Give back all of the data exactly, with every picture omitted.

▶ **Collected data**

####################

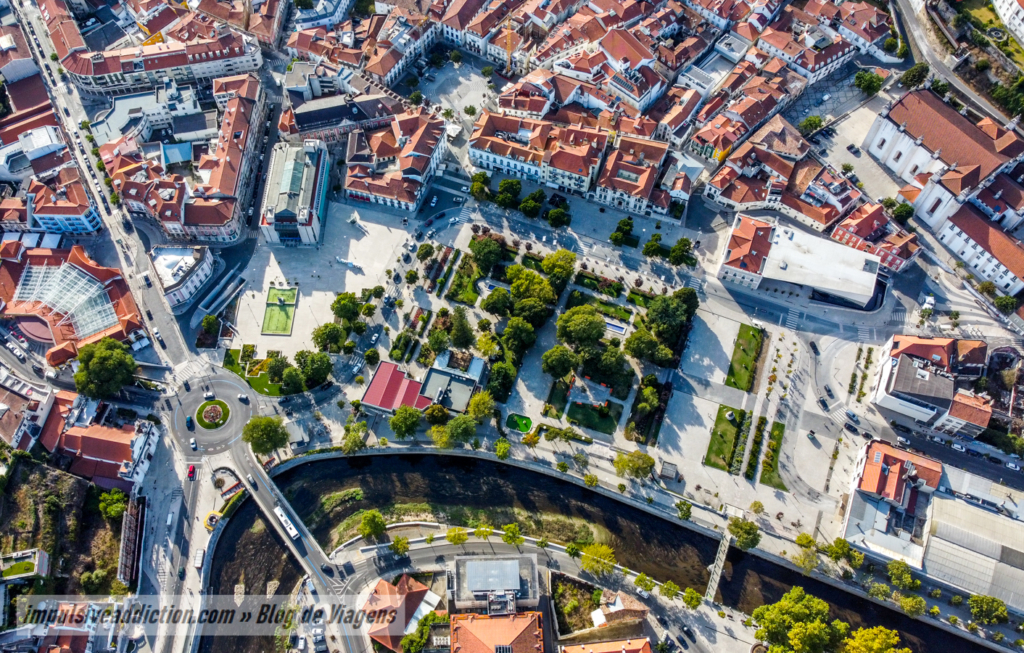 Jardim Luís de Camões, ao centro da fotografia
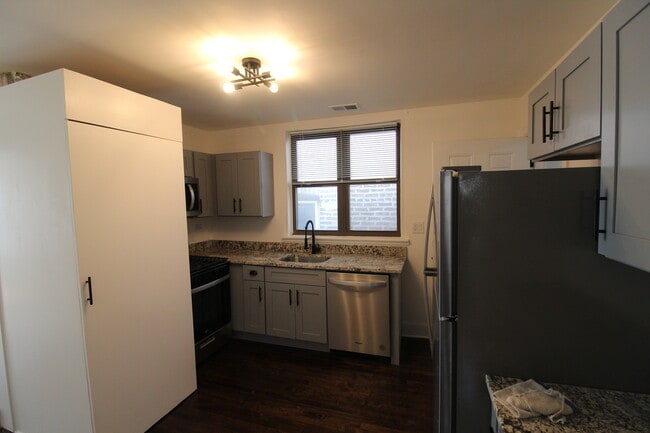Building Photo - 2242 S Spaulding Ave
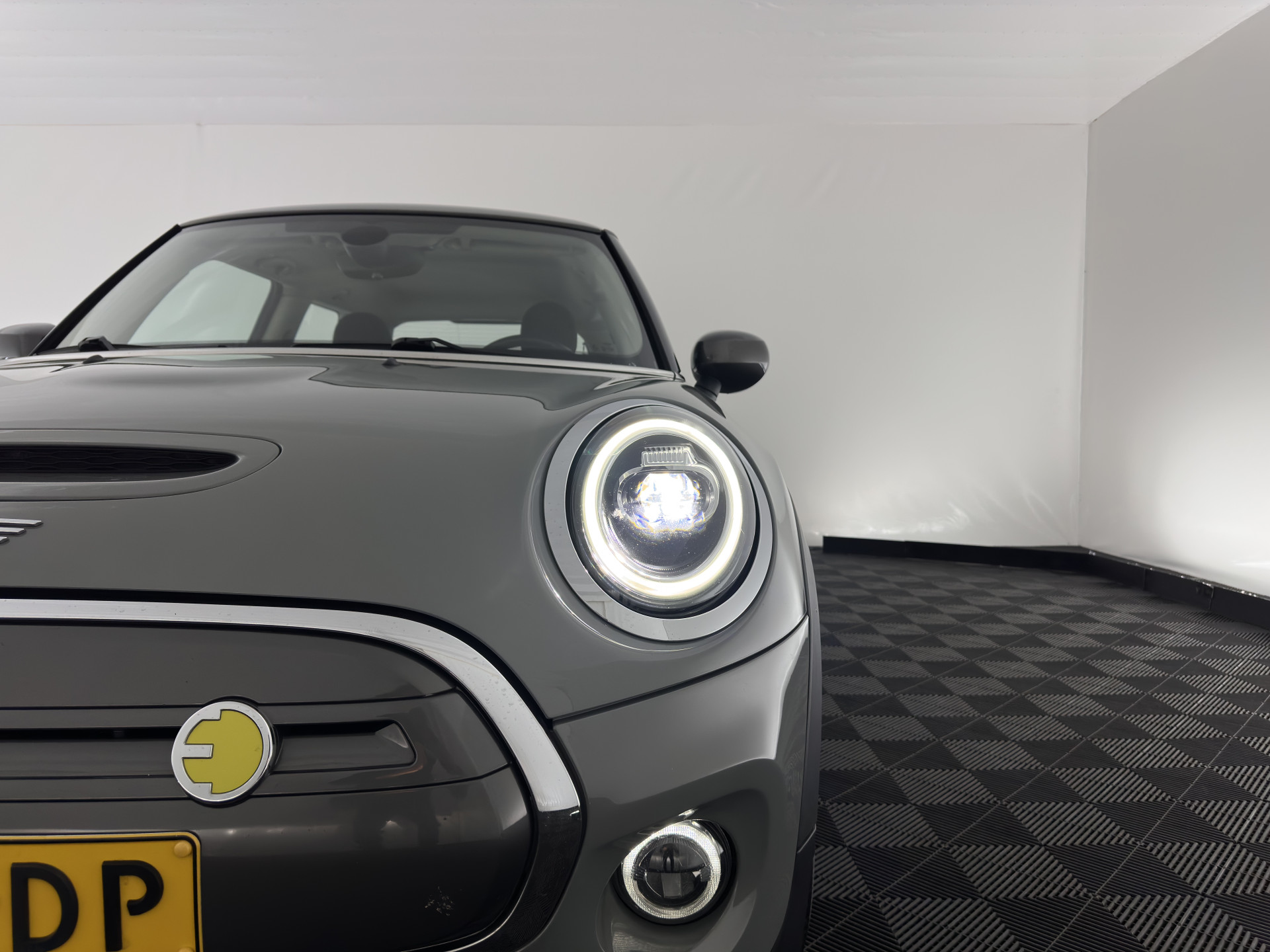 MINI Mini Electric Basic 33 kWh [ 3-Fase ] (SOH-100%) (INCL-BTW) Aut. *HEATPUMP | FULL-LED | SPORT-SEATS | NAVI-FULLMAP | DIGI-COCKPIT | DAB+ | ECC | CCS-FASTLOADER | UNION-JACK | KEYLESS | CRUISE | AMBIENT-LIGHT | 16''ALU*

####################

▶ **Task output**
 Jardim Luís de Camões, ao centro da fotografia
Building Photo - 2242 S Spaulding Ave
 MINI Mini Electric Basic 33 kWh [ 3-Fase ] (SOH-100%) (INCL-BTW) Aut. *HEATPUMP | FULL-LED | SPORT-SEATS | NAVI-FULLMAP | DIGI-COCKPIT | DAB+ | ECC | CCS-FASTLOADER | UNION-JACK | KEYLESS | CRUISE | AMBIENT-LIGHT | 16''ALU*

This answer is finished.